Theodore Watts-Dunton
This eBook from the Gutenberg Project consists of approximately 352 pages of information about The Lives of the Poets of Great Britain and Ireland (1753).

A collection of this lady’s poems was published at London 1713 in 8vo. containing likewise a Tragedy never acted, entitled Aristomenes, or the Royal Shepherd.  The general scenes are in Aristomenes’s camp, near the walls of Phaerea, sometimes the plains among the Shepherds.  A great number of our authoress’s poems still continue unpublished, in the hands of the rev.  Mr. Creake, and some were in possession of the right hon. the countess of Hertford.

The countess of Winchelsea died August 9, 1720, without issue.  She was happy in the friendship of Mr. Pope, who addresses a copy of verses to her, occasioned by eight lines in the Rape of the Lock:  they contain a very elegant compliment.

  In vain you boast poetic names of yore,
  And cite those Saphoes we admire no more: 
  Fate doom’d the fall of ev’ry female wit,
  But doom’d it then, when first Ardelia writ. 
  Of all examples by the world confest,
  I knew Ardelia could not quote the best,
  Who like her mistress on Britannia’s throne
  Fights and subdues in quarrels not her own. 
  To write their praise, you but in vain essay;
  E’en while you write, you take that praise away: 
  Light to the stars, the sun does thus restore,
  And shines himself ’till they are seen no more.

The answer which the countess makes to the above, is rather more exquisite than the lines of Mr. Pope; he is foil’d at his own weapons, and outdone in the elegance of compliment.
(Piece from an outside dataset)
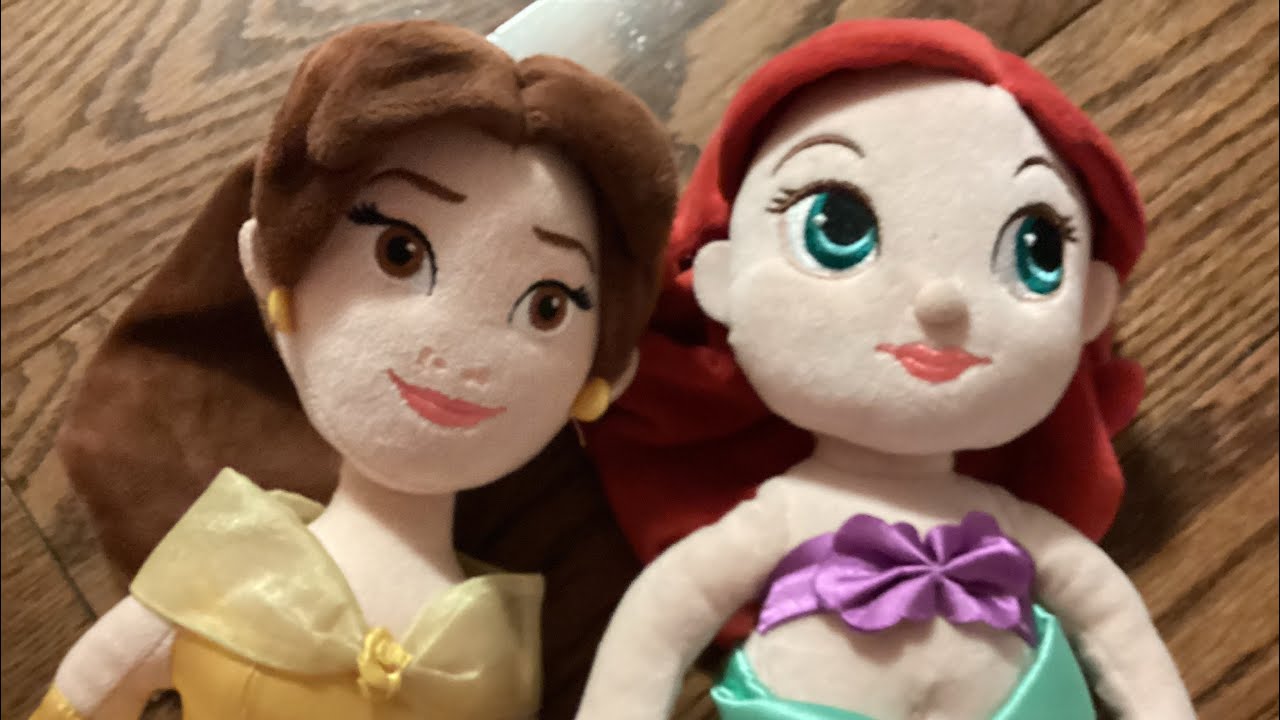 If Princess Belle met Ariel the Mermaid (2/2)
  Disarm’d with so genteel an air,
    The contest I give o’er;
  Yet Alexander have a care,
    And shock the sex no more. 
  We rule the world our life’s whole race,
    Men but assume that right;
  First slaves to ev’ry tempting face,
    Then martyrs to our spite. 
  You of one Orpheus sure have read,
    Who would like you have writ
  Had he in London-town been bred,
    And polish’d too his wit;
  But he poor soul, thought all was well
    And great should be his fame,
  When he had left his wife in hell
    And birds, and beasts could tame. 
  Yet venturing then with scoffing rhimes
    The women to incense,
  Resenting heroines of those times
    Soon punished his offence. 
  And as the Hebrus roll’d his skull,
    And Harp besmeared with blood,
  They clashing as the waves grew full
    Still harmoniz’d the flood. 
  But you our follies gently treat,
    And spin so fine the thread,
  You need not fear his awkward fate,
    The lock won’t cost the head. 
  Our admiration you command
    For all that’s gone before;
  What next we look for at your hand
    Can only raise it more. 
  Yet sooth the ladies, I advise
    (As me too pride has wrought)
  We’re born to wit, but to be wise
    By admonitions taught.

The other pieces of this lady are,

An Epilogue to Jane Shore, to be spoken by Mrs. Oldfield the night before the Poet’s day.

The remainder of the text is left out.